Given data:
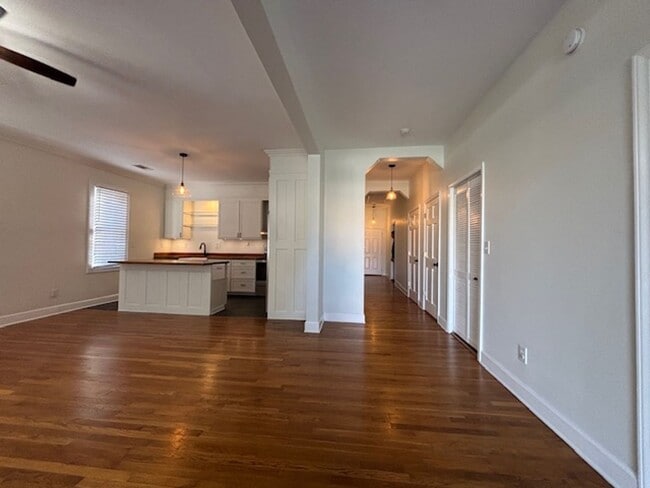 Building Photo - 605 2nd Ave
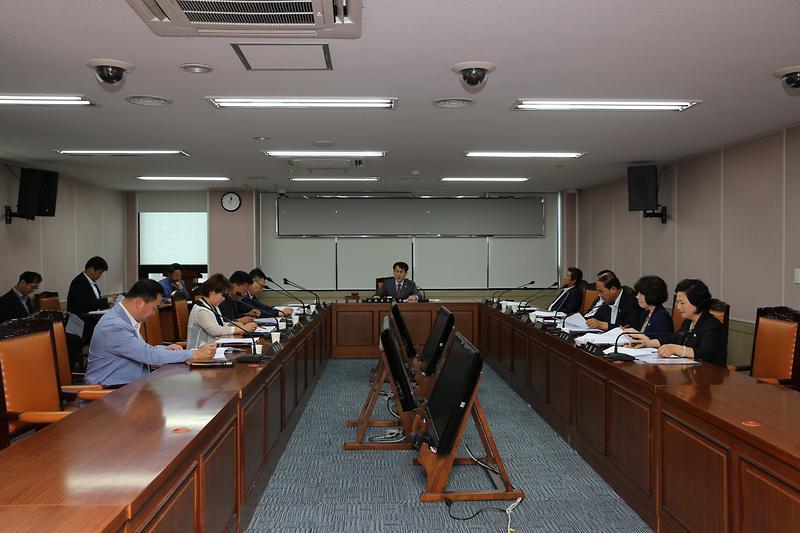 제4차 조례정비 특별위원회 사진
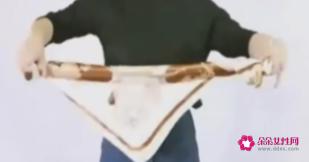 很短的毛线围巾怎么系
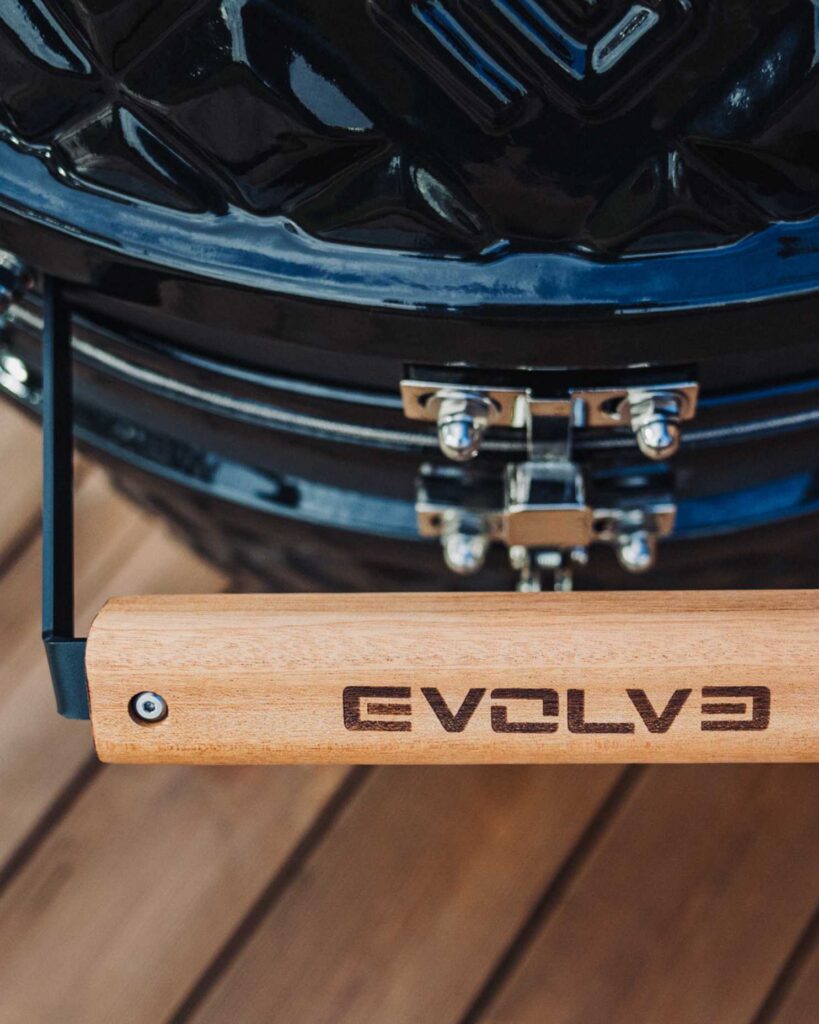 Evolve Ultra Series The Beast Solo Kamado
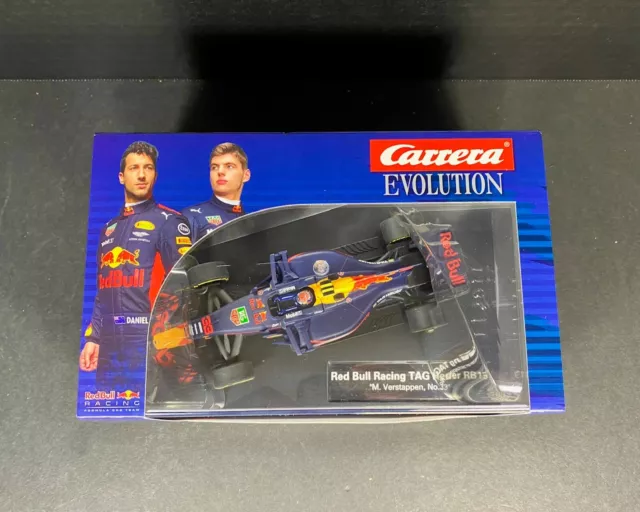 Coche de ranura Carrera 27562 Red Bull RB13 Fórmula Uno Equipo 1/32 totalmente nuevo F1 3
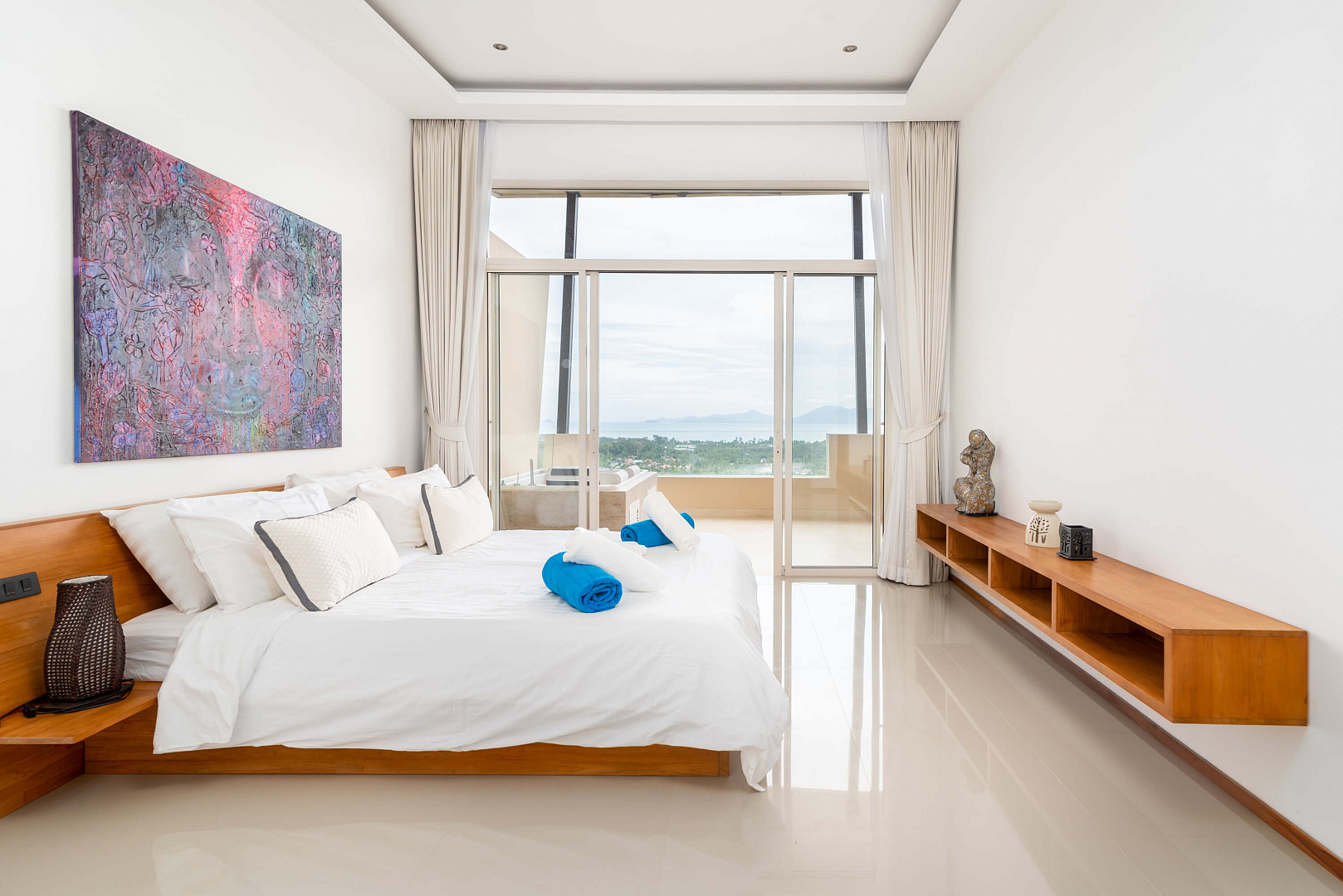 VILS-0077: Stylish 1-bedroom sea view penthouse with panoramic terrace in Maenam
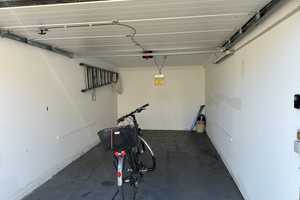 Viel Platz für eine Familie! REH mit Wintergarten und Garage in sehr schöner und ruhiger Lage! – Augsburg – Vorschaubild 23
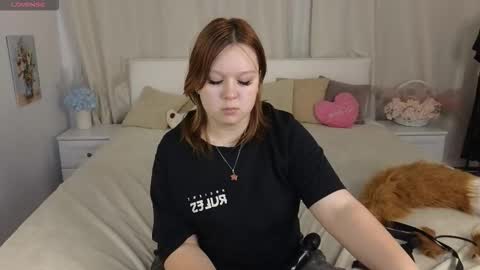 velvetvixonx online show from September 9, 6:07 pm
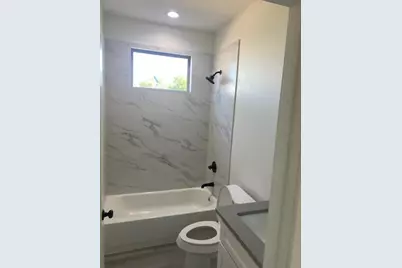 549 Augustus Street, Trenton, TX 75490 - Photo 5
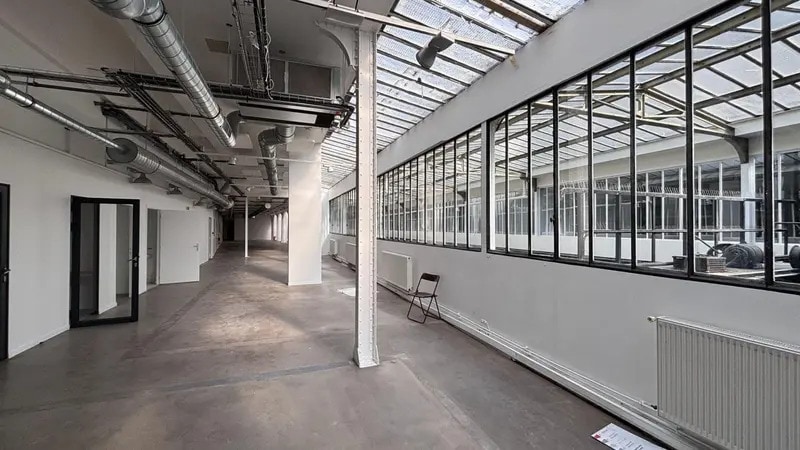 18 Rue Du Faubourg Du Temple, Paris for lease - Interior Photo - Image 2 of 10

What you have to do:
With pictures excluded, copy exactly the lines from the line containing "Viel Platz für" through the last line of the listing above, both ends included.

Response to this task:
 Viel Platz für eine Familie! REH mit Wintergarten und Garage in sehr schöner und ruhiger Lage! – Augsburg – Vorschaubild 23
 velvetvixonx online show from September 9, 6:07 pm
 549 Augustus Street, Trenton, TX 75490 - Photo 5
 18 Rue Du Faubourg Du Temple, Paris for lease - Interior Photo - Image 2 of 10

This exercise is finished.